Iranian state television today strongly denied reports that a woman sentenced to death by stoning for adultery had been freed, saying instead that she would describe on air how she had murdered her husband.
The announcement, by the English-language satellite channel Press TV, came as a bitter blow to international campaigners who had initially hailed reports suggesting that Sakineh Mohammadi Ashtiani had been released.
Press TV had earlier broadcast pictures of Ashtiani at her home in Osku, northwest Iran, along with her son Sajjad Ghaderzadeh, prompting rumors that the authorities had bowed to international pressure to free her.
But amid a flurry of reports and celebratory statements by human rights activists, the channel issued a denial on its website in which it said Ashtiani had merely been allowed home to take part in a documentary about how she had murdered her husband.
"Contrary to a vast publicity campaign by Western media that confessed murderer Sakineh Mohammadi Ashtiani has been released, a broadcast production team with the Iran-based Press TV has arranged with Iran's judicial authorities to follow Ashtiani to her house to produce a visual recount of the crime at the murder scene," the channel said.
It said the program would be screened on December 10 at midnight.
The announcement was roundly condemned by the German-based International Committee Against Stoning, whose spokesperson, Mina Ahadi, had reacted ecstatically to the initial erroneous reports of Ashtiani's release.
Speaking on behalf of Ahadi, Mariam Namazi, a human rights campaigner, said activists had originally believed Ashtiani and her son would be released in exchange for taking part in the program. She accused Press TV of airing pictures of Ashtiani to deliberately mislead campaigners.
"We condemn unequivocally Press TV's actions in this regard," Namazi said. "They say that they are a media outlet, but they are actually acting as an arm of the intelligence service of the regime and basically forcing [Ashtiani and her son] under duress to confess to the murder of her husband.
"They are doing this deliberately. One of the main reasons is because of the outrage around the stoning case, and they are trying to change this from a stoning case to an execution one.
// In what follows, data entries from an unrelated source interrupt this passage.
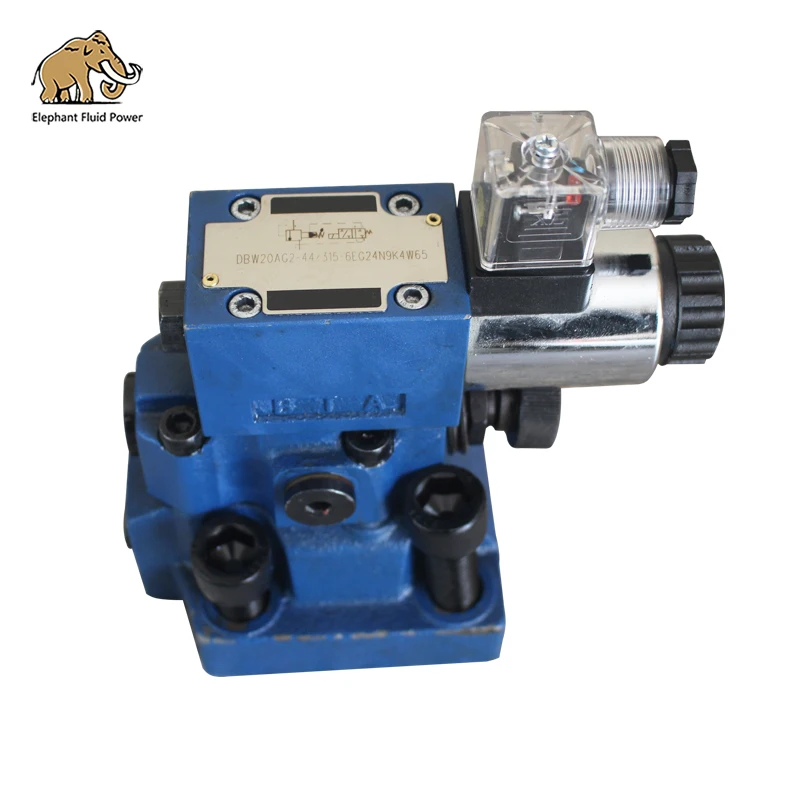 Bosch Rexroth DBW20AG2-5X/315S6EG24N9K4R12 Pressure Cut-off Valve
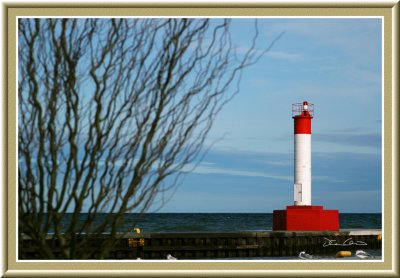 Oakville harbour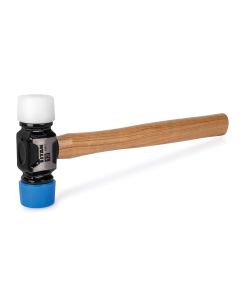 TIT63412 image(0) - Titan 12 Ounce Double Face Rubber Mallet with Hickory Handle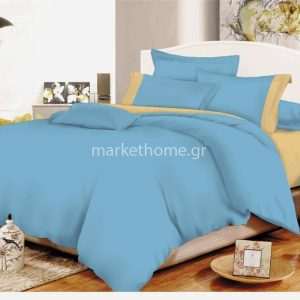 Σετ σεντόνια υπέρδιπλα μονόχρωμα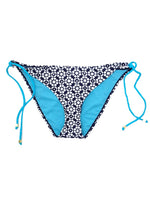 DETAILED TIE BIKINI BOTTOM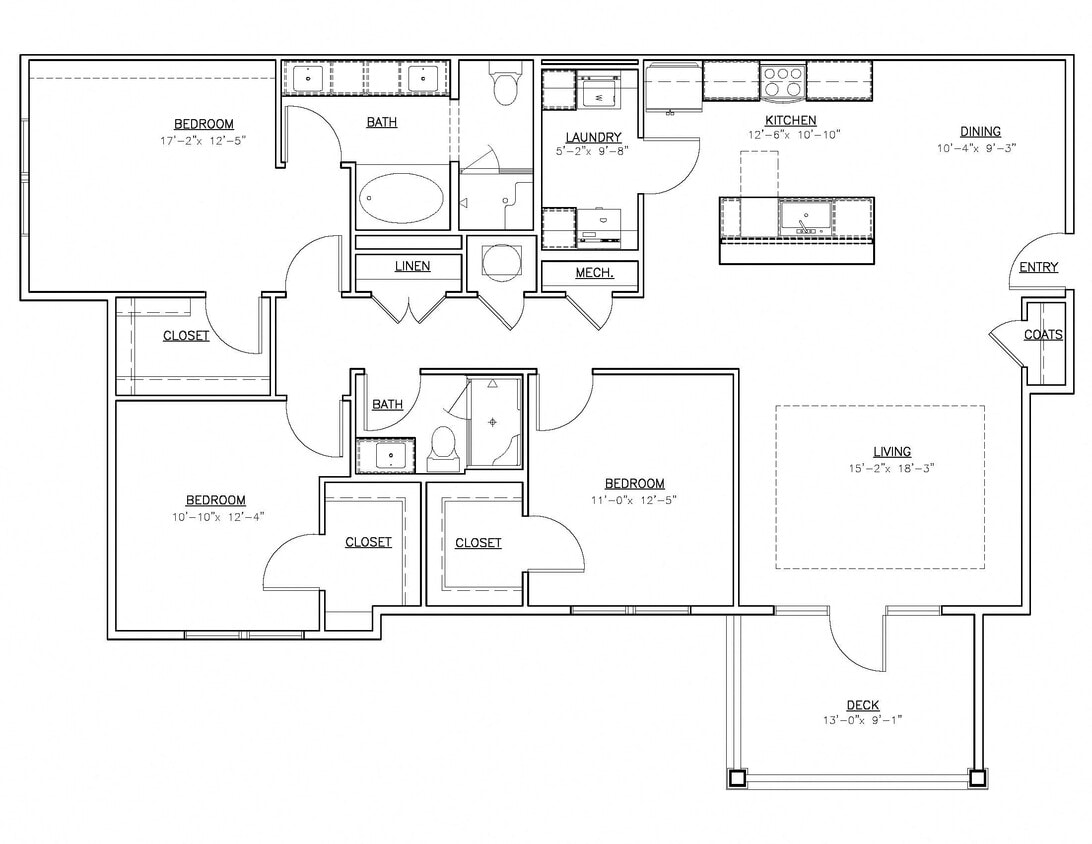 Floor Plan - C1A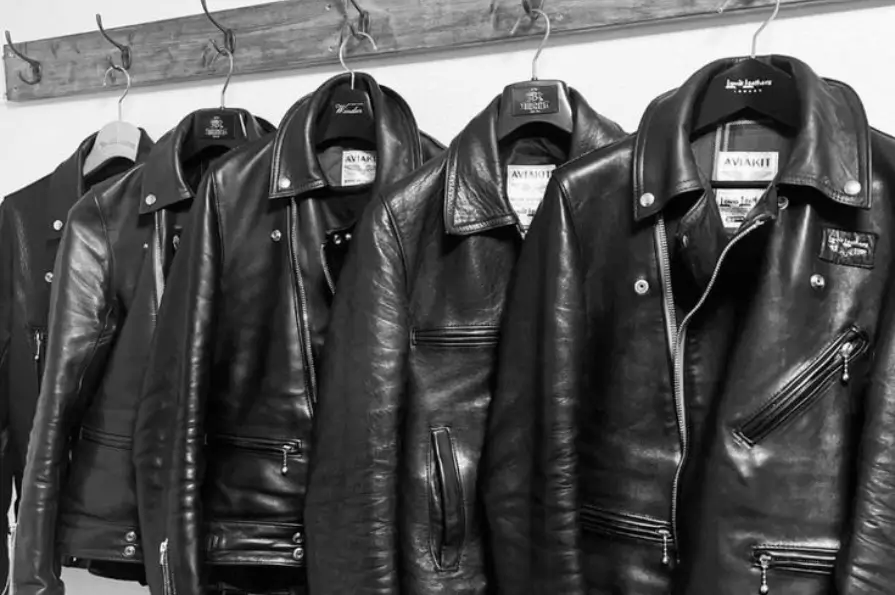 تاریخچه استفاده از چرم در پوشاک مردانه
They want to find her guilty of murdering her husband."
Ashtiani's sentence to be stoned for adultery -- the only crime which carries that penalty under Iran's Islamic Shari'a law -- was suspended after an international outcry by Western countries and some others that have warm relations with Iran.
The European Union called it "barbaric," the Vatican pleaded for clemency, and Brazil, which has tried to intervene in Iran's standoff with the West over its nuclear program, offered Ashtiani asylum.
Faces Execution By Hanging
However, Ashtiani still faces possible execution by hanging after being convicted of murdering her husband. State television has previously run programs in which a woman purporting to be Ashtiani describes herself as a "sinner."
In an interview with U.S. television in September, Iran's president, Mahmud Ahmadinejad, denied Ashtiani had ever been sentenced to stoning, contradicting other Iranian officials. Iranian media do not refer to her stoning sentence for adultery, focusing instead on the murder charge.
Ashtiani, 43, was sentenced to death by two different courts in the northwestern city of Tabriz in separate trials in 2006.
A sentence to hang for her involvement in the murder of her husband was commuted to a 10-year jail term by an appeals court in 2007.
But a second sentence to death by stoning on charges of adultery leveled over several relationships, notably with the man convicted of her husband's murder, was later upheld by another appeals court the same year.